The Republican lawmaker from Wolfeboro and former congressman, who sponsored the bill, known formally as SB12, added that "this is a long time coming, but finally it has come."

He pointed to the neighboring states of Vermont and Maine, which don’t require permits to carry concealed handguns.

"As I’ve stressed repeatedly, Vermont is the safest state in the nation, and it’s never had a permit for a concealed carry. I think New Hampshire now will become even safer. Our ranking is good, but it will be better after this," Bradley added.

And he applauded the team effort in getting the legislation passed into law.

"We were able to bring everybody together," Bradley said. "I think that various groups that support the 2nd Amendment worked hard on this language a couple of years ago to make sure it was correct, that there weren’t any technical problems in it."
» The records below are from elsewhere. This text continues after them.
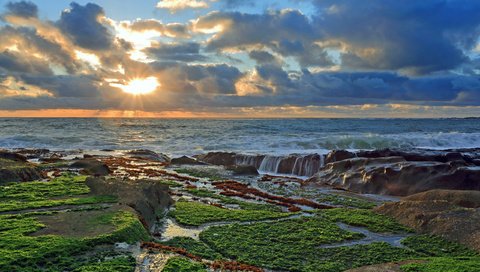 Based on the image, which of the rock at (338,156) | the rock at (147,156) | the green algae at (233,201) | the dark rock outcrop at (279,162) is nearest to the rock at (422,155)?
the rock at (338,156)

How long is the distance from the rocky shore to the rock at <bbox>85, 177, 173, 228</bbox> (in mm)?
82

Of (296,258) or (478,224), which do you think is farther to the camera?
(478,224)

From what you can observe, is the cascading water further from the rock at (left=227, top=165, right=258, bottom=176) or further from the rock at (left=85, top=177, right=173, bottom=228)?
the rock at (left=85, top=177, right=173, bottom=228)

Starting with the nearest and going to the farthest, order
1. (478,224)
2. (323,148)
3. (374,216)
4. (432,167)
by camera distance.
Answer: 1. (478,224)
2. (374,216)
3. (432,167)
4. (323,148)

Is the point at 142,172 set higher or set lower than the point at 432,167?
lower

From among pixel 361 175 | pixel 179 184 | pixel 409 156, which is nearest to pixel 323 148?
pixel 409 156

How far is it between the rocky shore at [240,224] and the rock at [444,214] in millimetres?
58

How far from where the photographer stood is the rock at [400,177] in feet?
109

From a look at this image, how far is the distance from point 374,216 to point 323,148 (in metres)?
60.0

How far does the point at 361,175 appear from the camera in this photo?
127ft

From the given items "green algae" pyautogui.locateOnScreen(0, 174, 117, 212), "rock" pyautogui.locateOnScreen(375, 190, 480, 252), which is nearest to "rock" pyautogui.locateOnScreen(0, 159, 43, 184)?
"green algae" pyautogui.locateOnScreen(0, 174, 117, 212)

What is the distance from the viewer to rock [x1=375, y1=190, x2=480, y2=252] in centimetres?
1909

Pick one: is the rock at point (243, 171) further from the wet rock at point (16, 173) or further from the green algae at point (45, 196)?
the wet rock at point (16, 173)

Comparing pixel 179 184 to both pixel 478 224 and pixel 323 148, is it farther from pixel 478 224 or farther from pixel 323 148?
pixel 323 148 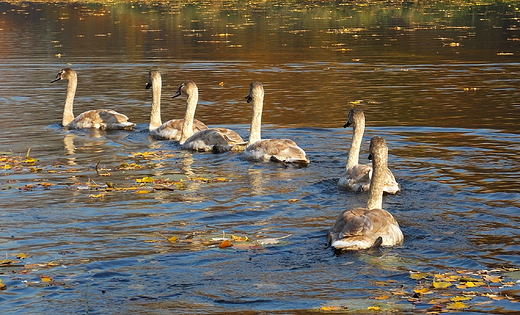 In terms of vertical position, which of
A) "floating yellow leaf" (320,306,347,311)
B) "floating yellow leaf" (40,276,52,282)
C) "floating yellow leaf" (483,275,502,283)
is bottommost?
"floating yellow leaf" (40,276,52,282)

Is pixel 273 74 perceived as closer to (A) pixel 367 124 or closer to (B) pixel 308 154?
(A) pixel 367 124

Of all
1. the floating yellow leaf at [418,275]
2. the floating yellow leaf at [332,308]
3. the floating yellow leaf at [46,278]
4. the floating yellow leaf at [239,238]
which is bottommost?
the floating yellow leaf at [239,238]

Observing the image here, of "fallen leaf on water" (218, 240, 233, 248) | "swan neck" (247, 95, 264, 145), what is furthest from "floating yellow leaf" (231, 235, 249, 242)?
"swan neck" (247, 95, 264, 145)

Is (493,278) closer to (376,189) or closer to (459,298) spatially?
(459,298)

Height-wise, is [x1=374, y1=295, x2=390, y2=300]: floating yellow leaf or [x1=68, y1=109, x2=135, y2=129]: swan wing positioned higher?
[x1=374, y1=295, x2=390, y2=300]: floating yellow leaf

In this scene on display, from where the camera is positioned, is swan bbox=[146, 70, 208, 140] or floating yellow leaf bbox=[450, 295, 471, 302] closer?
floating yellow leaf bbox=[450, 295, 471, 302]

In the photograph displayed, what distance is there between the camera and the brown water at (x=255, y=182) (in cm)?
992

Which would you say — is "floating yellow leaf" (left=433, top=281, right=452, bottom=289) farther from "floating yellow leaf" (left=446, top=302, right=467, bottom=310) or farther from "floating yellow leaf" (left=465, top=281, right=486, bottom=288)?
"floating yellow leaf" (left=446, top=302, right=467, bottom=310)

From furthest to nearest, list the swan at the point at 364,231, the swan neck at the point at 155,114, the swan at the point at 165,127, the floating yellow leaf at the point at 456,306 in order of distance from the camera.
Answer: the swan neck at the point at 155,114, the swan at the point at 165,127, the swan at the point at 364,231, the floating yellow leaf at the point at 456,306

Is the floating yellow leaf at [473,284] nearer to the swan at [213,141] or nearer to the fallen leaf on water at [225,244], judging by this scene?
the fallen leaf on water at [225,244]

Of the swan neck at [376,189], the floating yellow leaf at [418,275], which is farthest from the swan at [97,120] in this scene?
the floating yellow leaf at [418,275]

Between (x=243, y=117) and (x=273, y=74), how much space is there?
332 inches

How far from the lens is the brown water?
9922mm

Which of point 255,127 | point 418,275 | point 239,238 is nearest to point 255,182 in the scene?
point 255,127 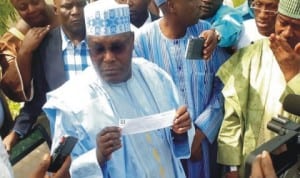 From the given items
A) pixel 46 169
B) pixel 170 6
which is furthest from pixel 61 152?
pixel 170 6

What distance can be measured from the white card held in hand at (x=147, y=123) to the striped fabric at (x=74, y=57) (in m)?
1.10

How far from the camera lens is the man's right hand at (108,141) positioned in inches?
98.8

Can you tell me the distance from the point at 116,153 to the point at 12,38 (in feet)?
5.46

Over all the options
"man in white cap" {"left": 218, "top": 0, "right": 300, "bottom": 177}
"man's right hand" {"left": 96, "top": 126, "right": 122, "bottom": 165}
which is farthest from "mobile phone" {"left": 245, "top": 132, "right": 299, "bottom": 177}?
"man in white cap" {"left": 218, "top": 0, "right": 300, "bottom": 177}

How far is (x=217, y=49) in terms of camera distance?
3.71 meters

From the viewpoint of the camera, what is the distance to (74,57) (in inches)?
147

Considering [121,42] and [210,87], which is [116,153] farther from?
[210,87]

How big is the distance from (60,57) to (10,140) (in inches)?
26.1

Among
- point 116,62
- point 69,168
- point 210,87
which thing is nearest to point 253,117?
point 210,87

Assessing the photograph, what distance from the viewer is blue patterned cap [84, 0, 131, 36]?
291cm

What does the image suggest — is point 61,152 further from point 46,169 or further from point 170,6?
point 170,6

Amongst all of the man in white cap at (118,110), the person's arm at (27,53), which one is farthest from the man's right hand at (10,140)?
the man in white cap at (118,110)

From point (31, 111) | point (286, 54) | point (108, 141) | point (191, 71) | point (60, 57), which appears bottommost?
point (31, 111)

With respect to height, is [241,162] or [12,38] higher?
[12,38]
Warnings of 'significant ramifications'

Current law gives local police chiefs the right to determine if a person's "suitable" to carry a concealed weapon.

And opponents of the bill, including state House of Representatives Democratic Leader Steve Shurtleff, argued that the current law worked.

"A concealed carry law has been in place for 94 years. It is often cited in FBI statistics as one of the safest states in the nation," said Shurtleff, a retired U.S. deputy marshal.

And he raised alarms, saying, "if this law is repealed, individuals who should not be carrying a concealed weapon such as those suffering from dementia and alcoholism will be permitted to carry a concealed weapon."

Longtime state Sen. Lou D’Alessandro, who opposed the bill, told NH1 News that "we have shootings in Manchester on a nightly basis. It’s a very dangerous thing to allow concealed carry. It’s very dangerous. The permit system worked well. Even Gov. Meldrim Thomson, the most conservative guy New Hampshire’s seen a in long time, supported the existing legislation."

"Why did we change it? Why? I have no idea. I have no idea. But we are going to see signification ramifications from the passage and the signing of this bill," the Democratic lawmaker from Manchester warned.

And Democratic state Sen. Dan Feltes, of Concord, criticized the new law, telling NH1 News, "I think it’s a misplaced priority."